Shrinking the Shrink


Roy asked me to comment on Dr. Richard A. Friedman's article in yesterdays New York Times, "Have You Ever Been in Psychotherapy, Doctor?"


Dr. Friedman talks about a psychiatry resident-in-training who becomes uncomfortable when asked by a patient if he's ever been in therapy. He moves from the patient's question to the broader, much-discussed issue of whether it's necessary for a therapist to have been in therapy. Friedman reviews the issues that every psychiatry resident has heard and discussed--You don't need to have had brain surgery to be a neurosurgeon. Psychotherapy, it's said, is different. "One way to think about it is that a therapist should not start exploring a patient’s mind without really knowing what is in his own." He talks about understanding one's own feelings and being aware of counter-transference.



But even as we have been swept off our feet by sexy neuroscience, my field
is in danger of losing touch with the rich psychological life of patients, something that is reflected in the waning popularity of therapy during residency training.

All true, but we are far from understanding the ultimate cause of most psychiatric disorders, despite the promise of brain science. We can effectively relieve symptoms and increase functioning, but we still have to help our patients live with illness.

Psychiatrists who have had the humbling experience of therapy themselves know something of what it feels like to be a patient — the sense of frustration,
anxiety and dependence it entails. As such, they can better understand the emotional reactions patients have to their illness — and to their doctors.

So do I think a psychiatrist needs to have had his/her own psychotherapy to be a good psychiatrist? Do I think the "humbling" experience of psychotherapy, or any other version of patient-hood, is necessary to create a good therapist?


Honestly, I have no idea. I'm not aware that anyone has every asked this question in a useful way. We'd have to survey patients and survey their shrinks, find measures to calculate good versus bad versus adequate docs and then we'd have to ask how much therapy, how often and by whom for it to "count." The psychoanalysts have made it a given, every psychoanalyst-in-training has to have completed a full psychoanalysis with a designated, experienced, "training" analyst. I'm not sure there's any reliability to who spends 4 years on the couch and who spends 10, but they've all been there.

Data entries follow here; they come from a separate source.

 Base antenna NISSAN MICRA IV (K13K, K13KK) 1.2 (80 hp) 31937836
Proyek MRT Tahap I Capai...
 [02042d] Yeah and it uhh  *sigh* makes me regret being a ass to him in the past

And are psychoanalysts "better" psychotherapists? I don't know.


I went to medical school in New York City when and where psychotherapy, and especially psychoanalysis, was still considered necessary for would-be psychiatrists. Part of "The unexamined life is not worth living," (thank you, Socrates) theory, I suppose. Still, when I started to see a psychiatry resident for my own therapy, I told no one and I worried about who would see me in the halls and what they might think. I was a medical student and I knew I'd be applying to that same department for residency ), so I worried about which supervisors talked about me with my resident doctor.
I only went for a little while, and this is what I can say about that particular psychotherapy experience: It was absolutely, and without a doubt, the most valuable experience I had in learning to become a psychotherapist.

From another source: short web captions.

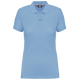 Azul Celeste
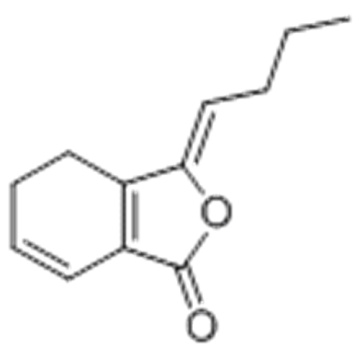 Лигустилид CAS 4431-01-0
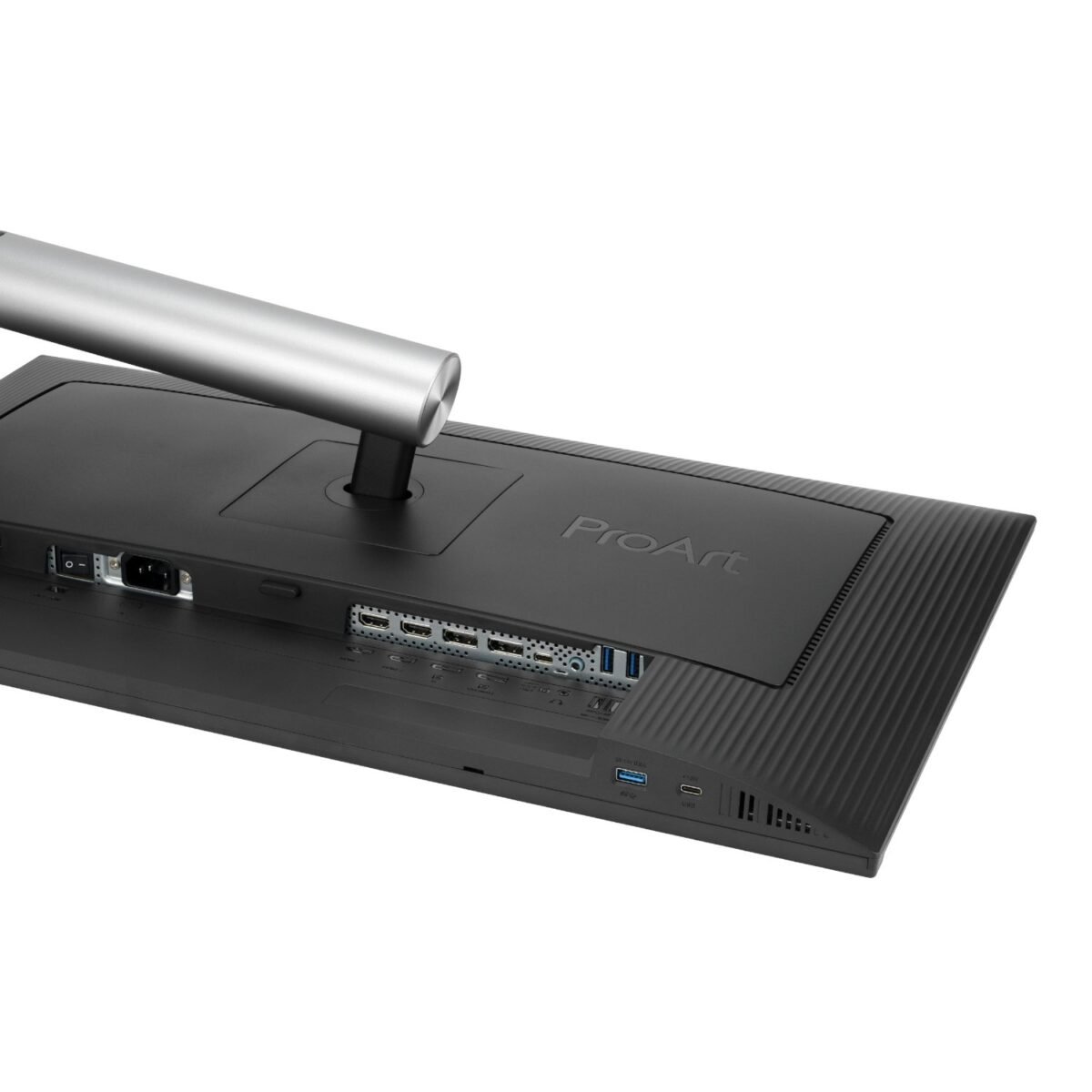 PA329CRV_Asus-ProArt-PA329CRV-32-inch-4K-HDR-IPS-Display_wr_05 Asus ProArt PA329CRV 32″4K HDR 60Hz IPS Display - Image 5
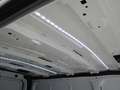 Renault Trafic Nieuw T30 L2h1 Ecc/Ccr/Navi/Camera/Trekhaak Wit - thumbnail 30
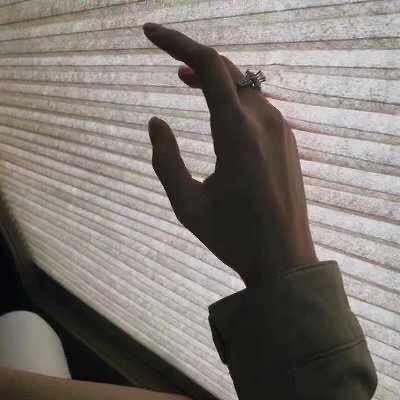 三七爱剪辑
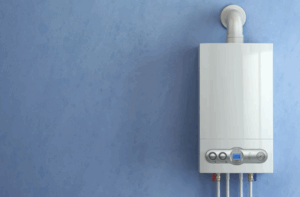 La caldaia è spenta da giugno, eppure la bolletta del gas di agosto arriva lo stesso: i tecnici rivelano il consumo nascosto che costa 18 euro al mese caldaia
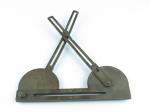 clinometer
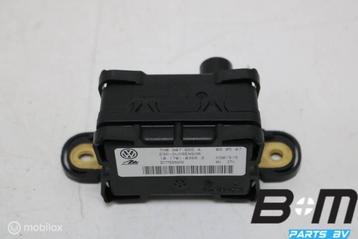 ESP duosensor VW Golf Plus 5 7H0907655A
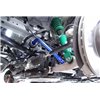 Barre stabilisatrice avant Mazda MX-5 Miata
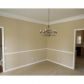 3227 Rose Petal Lane, Powder Springs, GA 30127 ID:10537042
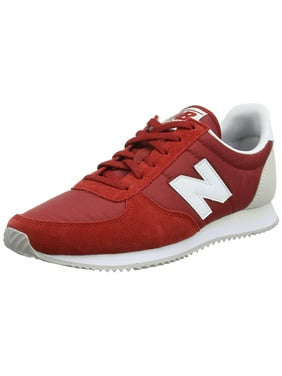 New Balance Womens Shoes New Balance Womens Shoes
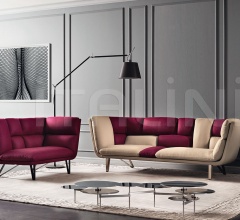 2 2 фабрика Meritalia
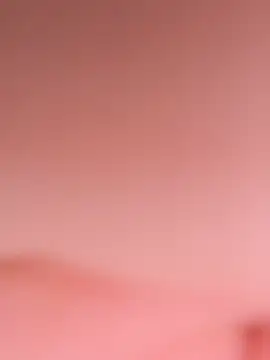 Mimisixo online show from 20, 3, 2026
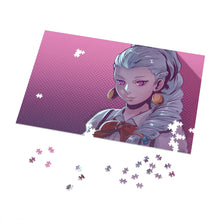 Load image into Gallery viewer, Nona Jigsaw Puzzle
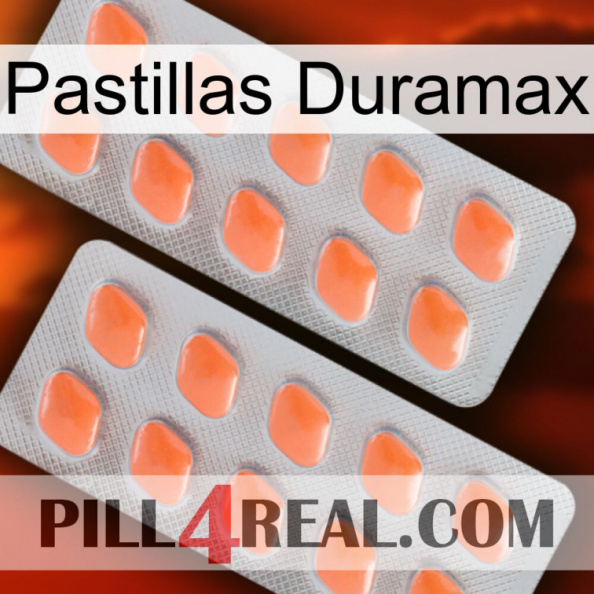 Duramax Pills 27.jpg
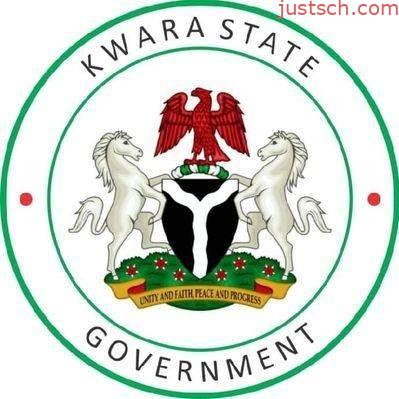 Kwara State Govt. begins Disbursement of Scholarship Awards to Kwara Students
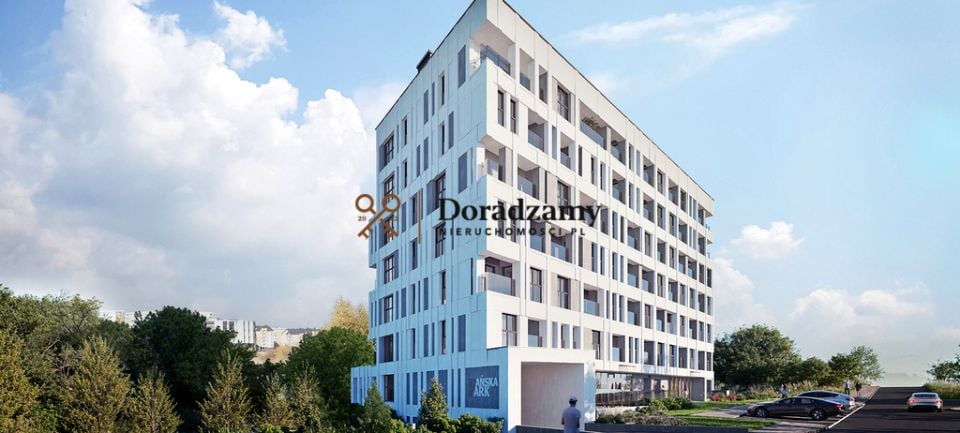 Mieszkanie Rzeszów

Now, let me tell you about the psychiatry resident I saw. He was horrible. He wasn't a mean person in any way, but he wasn't a good therapist. No matter what I said, he'd say, "How would that make you feel?" Before I'd go to a session, I'd think about what I was going to say, and I'd think about how it would make me feel, and so I thought I had the bases covered. He'd still ask, "How would that make you feel?" I'd already told him! It was exasperating. I felt like he was a puppet of his supervisors, that he was wasn't thinking for himself. Years later, a classmate who was also going to be a psychiatrist and who was also in therapy with a resident in training, told me what safeguards were in place for student treatment, how the records were segregated and locked, and exactly who had access. Why hadn't my resident shrink just told me this? When I told him I worried about running into my advisor in the hall (who could have cared less that I was in therapy, I'm sure) why did he repeatedly ask "How Would that Make you Feel?" Why didn't he just tell me that my advisor didn't have access to my file?

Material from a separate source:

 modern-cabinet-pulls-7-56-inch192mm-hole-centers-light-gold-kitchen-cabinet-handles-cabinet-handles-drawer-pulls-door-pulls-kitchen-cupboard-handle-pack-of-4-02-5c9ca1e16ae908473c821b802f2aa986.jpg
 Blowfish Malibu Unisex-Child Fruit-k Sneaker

I learned a lot about being frustrated as a patient. I learned an awful lot about what not to do, about how it leaves a patient feeling like you're not there with them.

Therapy is a kind of secretive mission-- perhaps why we enjoy the voyeuristic aspects of In Treatment and Jennifer Melfi's therapy with Tony Soprano. You can watch cardiac surgery. You can do it with a more experienced cardiac surgeon in the room. And Mirror Supervision for therapists is invaluable but often hard to arrange for. Mostly, we just try our best to report what happened to a supervisor, read books, try our best. What Dr. Friedman didn't mention is that being a psychotherapy patient is one of the very few ways that a therapist ever gets to see what goes on behind closed doors.


P.S. The resident who treated me for that brief period of time later went to work for a drug company. I'm sure he did a great job.